According to Foss, the transaction was a significantly heavy one such that FBN cannot claim lack of awareness of the fact that for any change of transaction fees to be effective, it must first be communicated to the customer with a letter with evidence of acknowledgement as a proof that the customer is aware of the change.
The forensic and audit firm also noted that FBN was aware that the said customer’s representative does not have the powers or mandate to authorise such transactions, and where he may, as a signatory with mandate powers, it will require at least two authorised signatures over the company’s letter of acceptance on their Letterhead document and not via a chat on phone between two mutual friends.
“Given the facts of the matter vis a vis the practice of banking in Nigeria, it is surprising that the CBN after its earlier verdict that refunds be credited to client, made a sudden u-turn in favour of FBN justifying the fraudulent e-mail received from customer’s staff to conclude that the e-mail suffices as an authority for FBN to take the charge based on instructions from customer’s staff without confirmation from customer’s authorised signatories,” Foss explained, questioning that if the e-mail content sufficed, why did FBN charge 1% instead 2% Guarantee Fee it stated on the email and who negotiated it from 2% to 1%? “Where is the copy of the letter from customer acknowledging the new rate which could have been negotiated or rejected if customer saw it?” Foss asks.
“More worrisome is the CBN’s lack of explanations as to why the email chat between these mutual friends on behalf of their organisations sufficed as an authority to move such a huge amount from the customer’s very busy account in the books of FBN,” Foss notes.
The CBN, in a bid to cover up this fraud, as Lensview pressed harder, in their letter dated 9/1/2023 to Lensview Consulting solicitors wrote that one Mr. Polycarp representing Lensview Consulting Services was invited in an interdepartmental meeting with representatives of the CBN in August 2022, where the said impersonator, Mr. Polycarp, affirmed and upheld the unanimous decisions with the CBN with respect to the fraudulent e-mail from FBN, as correct and sufficient to close the matter.
“This engagement of one purported Mr. Polycarp to stand in for Lensview Consulting Services in the said August 2022 meeting is another fraudulent move by the CBN to cover for FBN on the open e-mail fraud,” Foss said, adding that the CBN, in one of their recent letters to Lensview Consulting, wrote to say they have closed the matter based on the affirmation of the impostor consultant they hired to kill the matter.”

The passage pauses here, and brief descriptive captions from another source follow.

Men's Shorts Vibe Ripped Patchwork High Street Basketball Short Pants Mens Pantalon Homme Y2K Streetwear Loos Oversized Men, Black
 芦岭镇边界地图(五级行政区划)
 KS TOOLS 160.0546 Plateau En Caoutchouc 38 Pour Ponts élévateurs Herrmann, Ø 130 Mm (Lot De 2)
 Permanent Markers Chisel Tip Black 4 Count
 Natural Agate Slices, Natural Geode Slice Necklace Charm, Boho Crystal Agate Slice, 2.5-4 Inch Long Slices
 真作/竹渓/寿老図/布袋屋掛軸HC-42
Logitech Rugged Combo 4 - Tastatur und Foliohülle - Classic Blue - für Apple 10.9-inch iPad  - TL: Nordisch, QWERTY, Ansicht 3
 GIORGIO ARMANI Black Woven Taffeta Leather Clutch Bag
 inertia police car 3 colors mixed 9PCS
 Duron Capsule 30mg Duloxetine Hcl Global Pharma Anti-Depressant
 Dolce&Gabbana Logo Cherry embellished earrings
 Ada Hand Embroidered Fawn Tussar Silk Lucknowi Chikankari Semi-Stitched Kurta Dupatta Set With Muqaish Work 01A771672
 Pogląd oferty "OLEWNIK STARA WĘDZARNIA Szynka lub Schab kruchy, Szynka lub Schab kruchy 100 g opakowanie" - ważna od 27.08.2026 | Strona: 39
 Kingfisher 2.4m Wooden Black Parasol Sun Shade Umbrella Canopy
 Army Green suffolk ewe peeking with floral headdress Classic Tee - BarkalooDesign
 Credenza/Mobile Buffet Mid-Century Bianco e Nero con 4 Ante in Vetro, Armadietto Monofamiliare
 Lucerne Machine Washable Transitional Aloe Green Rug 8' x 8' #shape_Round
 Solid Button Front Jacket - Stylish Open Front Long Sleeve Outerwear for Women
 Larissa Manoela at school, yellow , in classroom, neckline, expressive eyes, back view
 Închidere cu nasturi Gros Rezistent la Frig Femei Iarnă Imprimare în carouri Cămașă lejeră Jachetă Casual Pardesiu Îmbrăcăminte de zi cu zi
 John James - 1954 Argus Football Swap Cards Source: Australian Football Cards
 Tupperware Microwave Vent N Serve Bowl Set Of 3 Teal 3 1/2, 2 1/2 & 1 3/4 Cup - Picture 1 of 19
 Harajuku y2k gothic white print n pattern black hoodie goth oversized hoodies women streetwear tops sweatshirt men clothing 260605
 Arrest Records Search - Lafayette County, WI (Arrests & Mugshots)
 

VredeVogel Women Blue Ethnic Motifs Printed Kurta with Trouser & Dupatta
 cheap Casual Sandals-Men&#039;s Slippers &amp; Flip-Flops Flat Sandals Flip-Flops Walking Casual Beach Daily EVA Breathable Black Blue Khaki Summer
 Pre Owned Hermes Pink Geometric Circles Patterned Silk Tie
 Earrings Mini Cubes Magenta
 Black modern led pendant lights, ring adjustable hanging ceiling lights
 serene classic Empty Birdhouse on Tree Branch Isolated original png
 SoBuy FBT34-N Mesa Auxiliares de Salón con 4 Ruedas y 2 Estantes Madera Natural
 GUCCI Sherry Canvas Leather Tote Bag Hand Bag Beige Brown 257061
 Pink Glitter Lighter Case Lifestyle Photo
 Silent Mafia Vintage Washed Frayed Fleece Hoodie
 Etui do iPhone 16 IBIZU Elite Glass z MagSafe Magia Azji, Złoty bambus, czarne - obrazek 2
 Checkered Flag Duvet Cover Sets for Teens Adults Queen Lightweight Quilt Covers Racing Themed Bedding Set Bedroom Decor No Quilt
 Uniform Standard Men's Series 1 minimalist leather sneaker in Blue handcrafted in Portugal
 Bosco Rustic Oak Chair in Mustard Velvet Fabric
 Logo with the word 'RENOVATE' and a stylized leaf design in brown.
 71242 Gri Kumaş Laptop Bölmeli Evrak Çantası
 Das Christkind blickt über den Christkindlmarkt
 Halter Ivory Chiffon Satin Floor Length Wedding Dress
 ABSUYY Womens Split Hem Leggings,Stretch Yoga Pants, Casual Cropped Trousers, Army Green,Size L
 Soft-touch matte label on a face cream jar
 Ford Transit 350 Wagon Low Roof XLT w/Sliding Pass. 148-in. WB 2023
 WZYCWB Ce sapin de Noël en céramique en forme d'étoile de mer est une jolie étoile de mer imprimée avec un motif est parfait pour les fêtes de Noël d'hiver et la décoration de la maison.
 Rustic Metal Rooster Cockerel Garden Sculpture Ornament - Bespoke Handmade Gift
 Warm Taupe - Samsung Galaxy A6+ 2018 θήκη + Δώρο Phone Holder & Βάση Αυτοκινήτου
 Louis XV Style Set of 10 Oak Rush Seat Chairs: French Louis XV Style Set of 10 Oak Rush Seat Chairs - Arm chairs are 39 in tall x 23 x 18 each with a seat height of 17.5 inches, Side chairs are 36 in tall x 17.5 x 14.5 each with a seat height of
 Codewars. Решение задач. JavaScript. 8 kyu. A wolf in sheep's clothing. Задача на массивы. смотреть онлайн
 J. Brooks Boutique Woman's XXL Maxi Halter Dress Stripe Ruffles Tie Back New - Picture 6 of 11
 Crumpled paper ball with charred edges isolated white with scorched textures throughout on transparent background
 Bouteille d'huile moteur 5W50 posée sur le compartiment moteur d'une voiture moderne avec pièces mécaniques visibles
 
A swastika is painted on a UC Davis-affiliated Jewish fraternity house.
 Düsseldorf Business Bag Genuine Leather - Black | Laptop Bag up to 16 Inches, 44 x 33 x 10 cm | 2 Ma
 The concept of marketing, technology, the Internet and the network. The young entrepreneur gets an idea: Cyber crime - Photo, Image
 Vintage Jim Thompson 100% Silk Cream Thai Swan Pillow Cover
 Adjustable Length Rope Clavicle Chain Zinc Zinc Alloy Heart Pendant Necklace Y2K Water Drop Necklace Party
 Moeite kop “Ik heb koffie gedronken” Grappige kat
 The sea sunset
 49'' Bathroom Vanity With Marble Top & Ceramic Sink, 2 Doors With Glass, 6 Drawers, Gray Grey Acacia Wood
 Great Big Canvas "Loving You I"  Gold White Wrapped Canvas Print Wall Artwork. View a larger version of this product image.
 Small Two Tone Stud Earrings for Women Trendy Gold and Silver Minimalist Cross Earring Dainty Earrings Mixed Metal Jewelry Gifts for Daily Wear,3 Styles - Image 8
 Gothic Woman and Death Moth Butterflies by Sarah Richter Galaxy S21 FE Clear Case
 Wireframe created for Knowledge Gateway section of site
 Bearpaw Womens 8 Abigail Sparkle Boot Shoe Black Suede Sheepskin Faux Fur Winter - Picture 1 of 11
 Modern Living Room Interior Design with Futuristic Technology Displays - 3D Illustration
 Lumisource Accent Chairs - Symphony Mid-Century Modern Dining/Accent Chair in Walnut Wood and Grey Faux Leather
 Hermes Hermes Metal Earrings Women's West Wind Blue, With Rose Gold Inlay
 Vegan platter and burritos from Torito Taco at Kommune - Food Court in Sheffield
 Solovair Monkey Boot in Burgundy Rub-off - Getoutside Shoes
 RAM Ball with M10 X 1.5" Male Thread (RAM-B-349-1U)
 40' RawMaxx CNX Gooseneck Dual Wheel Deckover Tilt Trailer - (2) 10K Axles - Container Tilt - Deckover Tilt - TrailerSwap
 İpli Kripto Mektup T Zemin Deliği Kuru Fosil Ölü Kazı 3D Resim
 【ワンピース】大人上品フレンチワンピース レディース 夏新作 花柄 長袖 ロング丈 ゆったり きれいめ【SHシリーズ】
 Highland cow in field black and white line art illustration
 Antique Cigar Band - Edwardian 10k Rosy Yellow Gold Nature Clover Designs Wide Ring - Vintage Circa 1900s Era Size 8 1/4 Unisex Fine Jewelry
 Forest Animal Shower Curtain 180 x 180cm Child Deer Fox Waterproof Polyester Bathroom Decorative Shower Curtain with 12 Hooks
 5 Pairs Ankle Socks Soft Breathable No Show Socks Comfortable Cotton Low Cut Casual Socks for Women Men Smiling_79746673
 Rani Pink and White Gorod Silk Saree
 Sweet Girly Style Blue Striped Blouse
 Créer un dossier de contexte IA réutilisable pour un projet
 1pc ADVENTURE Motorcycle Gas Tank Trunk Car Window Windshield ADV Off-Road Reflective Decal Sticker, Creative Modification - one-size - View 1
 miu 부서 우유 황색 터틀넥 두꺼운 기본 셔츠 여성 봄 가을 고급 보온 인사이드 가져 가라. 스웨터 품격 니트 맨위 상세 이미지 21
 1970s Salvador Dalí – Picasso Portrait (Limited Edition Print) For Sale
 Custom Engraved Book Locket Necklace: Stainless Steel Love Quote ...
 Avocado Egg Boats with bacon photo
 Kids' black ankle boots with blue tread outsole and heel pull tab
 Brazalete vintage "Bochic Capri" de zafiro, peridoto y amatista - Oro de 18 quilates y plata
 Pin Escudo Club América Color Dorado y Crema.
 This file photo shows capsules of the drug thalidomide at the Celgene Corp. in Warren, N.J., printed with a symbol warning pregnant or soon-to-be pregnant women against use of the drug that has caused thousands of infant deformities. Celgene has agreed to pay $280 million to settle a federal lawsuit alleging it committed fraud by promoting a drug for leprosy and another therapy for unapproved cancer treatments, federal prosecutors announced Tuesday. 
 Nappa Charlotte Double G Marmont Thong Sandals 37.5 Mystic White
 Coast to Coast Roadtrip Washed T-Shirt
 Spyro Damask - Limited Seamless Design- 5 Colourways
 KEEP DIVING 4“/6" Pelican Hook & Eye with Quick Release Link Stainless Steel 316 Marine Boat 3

But Foss said that the CBN soon realised that it had erred by engaging an impostor consultant to stand in for Lensview in the said August 2022 meeting, and they quickly wrote back with efforts in futility to invalidate their letter dated 5/1/2023 where Mr. Polycarp the impostor was referred to.
For Lensview, this is a public call for the CBN and it’s co- traveller, FBN to do the right thing and credit the customer the excess charges it fraudulently deducted from the customer.